Fig 1: Place ten pretzels in a sandwich bag.
2. Make three signs on construction paper: one labeled “Home,” one labeled “Downtown,” and one labeled “Across Town.”
3. Select a large, open area. Tape the Home sign at a location that you will designate as your home base or starting point (fig. 2). Walk 50 steps (heel to toe) from home base, and tape the Downtown sign up so all crew members can see it. Walk another 50 steps (heel to toe) and tape the Across Town sign up for all to see. The Across Town sign should be about 100 steps away from Home. Don’t tell anyone how far away is the signs are from each other!
Fig. 2: Tape the home sign at your base.
4. Give each person an index card. Have them visit www.fueleconomy.gov and look up any car they might like to drive. Each person should record the car’s name, model year, miles per gallon, type of fuel required, and number of passengers it can hold (fig. 3). If you pick a Flex Fuel Vehicle (FFV), select only one fuel you will use—gasoline or E85—and record the mileage.
Fig. 3: Give each person an index card to write down his or her selected car’s name, year, miles per gallon, type of fuel, and number of passengers.

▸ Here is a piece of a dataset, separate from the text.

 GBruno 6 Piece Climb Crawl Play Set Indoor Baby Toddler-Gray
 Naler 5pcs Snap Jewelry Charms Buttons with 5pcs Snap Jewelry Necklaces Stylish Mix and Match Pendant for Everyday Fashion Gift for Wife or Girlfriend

5. Have all the participants join you at home base with their cards and their bags of pretzels (fig. 4). Make sure everyone waits to start snacking! Everyone will get a chance to eat the pretzels!
Fig. 4: Have all the participants meet at home base with their cards and pretzels.
6. Each person will try to go from Home to Downtown and back using the car they have selected and only 5 gallons of fuel. Each pretzel in the bag represents one gallon of fuel, and each step they take, (heel to toe), will equal one mile traveled. Each person should eat one pretzel and take the appropriate number of steps (heel to toe) as listed on his or her car’s MPG rating before eating the next pretzel. Aim to get from home to downtown and back on 5 gallons of fuel. Example: If your car has an MPG rating of 15 miles per gallon, eat a pretzel and take fifteen steps. Do you have any fuel remaining? Save it for future trips!
7. After everyone has eaten five pretzels (used five gallons), take a look around. Were there any cars that didn’t make it (fig. 5)? Are there similarities between cars that made it and cars that didn’t? Were there any cars that didn’t even use five pretzels?
Fig. 5: After everyone has eaten five pretzels, look around. Were there any cars that didn’t make it?
8. Have everyone start from Home again. This time, you want to make it from Home to Across Town and back Home again. Can you do it with the pretzels left in your bag? For those who know they won’t make it, can you carpool? Join a group to share pretzels, but be careful—pick a car for all to ride in, but make sure you have no more than the maximum number of passengers. You wouldn’t want to get a ticket!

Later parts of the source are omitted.